Here, Plaintiff alleges that he was under the care and treatment of Defendant. (SAC ¶ 28.) During his stay, Plaintiff alleges that he developed pressure sores because Defendant failed to properly train and instruct staff with respect to his treatment. (Id. ¶ 38.) Multiple doctors noted impaired skin characteristic of a potential pressure sore. (Id. ¶¶ 40, 43–44.) After a doctor finally noted Plaintiff’s pressure sore, Defendant did not immediately order preventative care. (Id. ¶ 49.) Such an injury is clearly identifiable and preventable. (Id. ¶ 58.) Plaintiff alleges that Defendant intentionally misrepresented his condition. (Id. ¶ 63.) Altogether, Plaintiff alleges a myriad of failures by Defendant that, given the obviousness of Plaintiff’s injury, could constitute reckless conduct on the part of Defendant. (Id. ¶ 66.) Plaintiff alleges that Defendant failed to protect him from health and safety hazards, failed to assist him when struggling, withheld necessary medical care, failed to monitor his care, and failed to provide sufficient staff. (Id. ¶ 79.) Plaintiff further alleges that Defendant intentionally diverted resources away from patients like himself. (Id. ¶ 106.) These allegations constitute potentially reckless conduct given the obvious nature of Plaintiff’s injury.
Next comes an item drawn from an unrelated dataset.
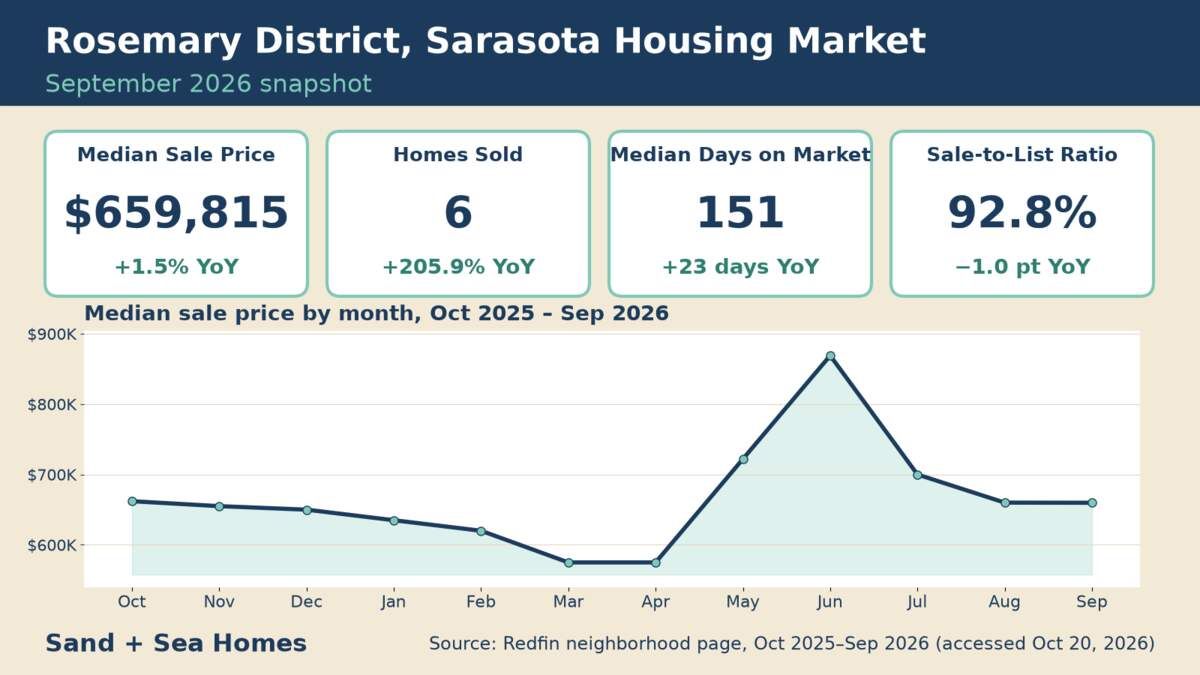 Rosemary District FL housing market, September 2026: median sale price $659,815 (+1.5% YoY), 6 homes sold, 151 median days on market, 92.8% sale-to-list, with a 12-month median price trend. Source: Redfin.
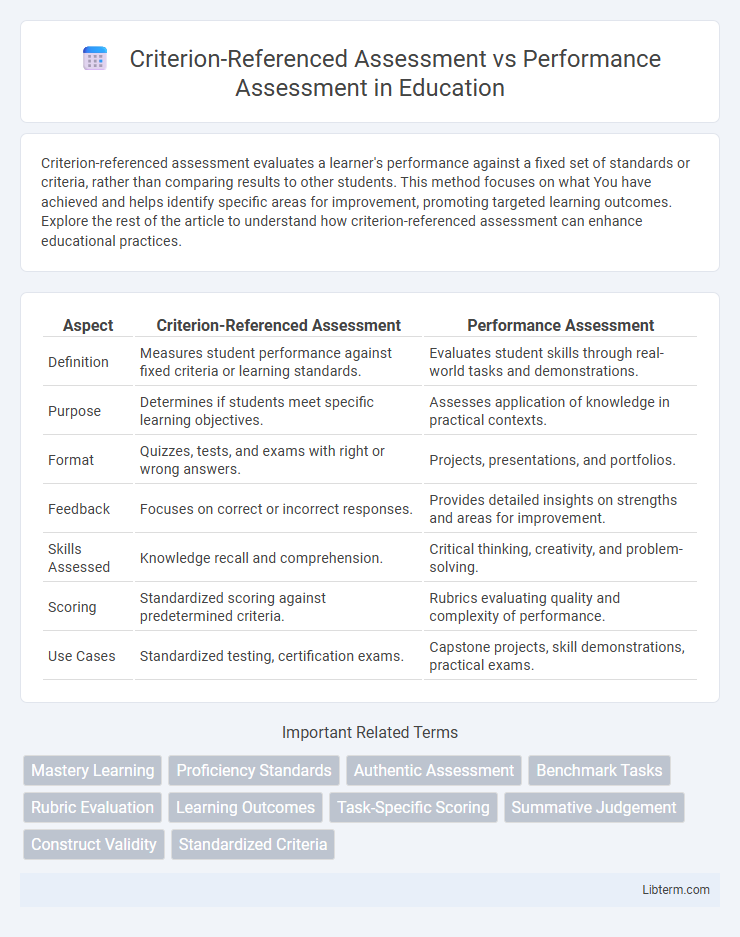Performance Assessment vs Criterion-Referenced Assessment in Education - What is The Difference?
Thus, Plaintiffs have pled facts with sufficient particularity to constitute reckless conduct on the part of Defendant with respect to their third cause of action for dependent adult neglect.

 

Plaintiffs have not pled abuse with sufficient particularity.

Defendant contends that Plaintiffs have not pled their second cause of action for dependent adult abuse with sufficient particularity. Plaintiffs must plead facts showing physical abuse, defined as “unreasonable physical restraint, or prolonged deprivation of food or water.” (Welf. & Inst. Code, § 15610.63, subd. (d).) Plaintiffs must also show that abuse to be reckless, oppressive, fraudulent, or malicious. (Id., § 15657.) These facts must be pled with particularity. (Covenant Care, supra, 32 Cal.4th at p. 790.)

 

Plaintiffs have made no such showing. They make no accusation of physical restraint, and Plaintiffs’ only allegation regarding deprivation of food is that Defendant provided ineffective nutritional counseling to its employees. (SAC ¶ 88.) This allegedly resulted in Plaintiff developing protein and calorie deficiencies. (Ibid.) Plaintiffs’ allegations do not constitute a prolonged deprivation of food on the part of Defendant. Indeed, much of Plaintiffs’ second cause of action incorporates allegations of neglect better suited for Plaintiffs’ third cause of action. Thus, Plaintiffs have not pled sufficient facts to constitute a cause of action for dependent adult abuse under section 15657.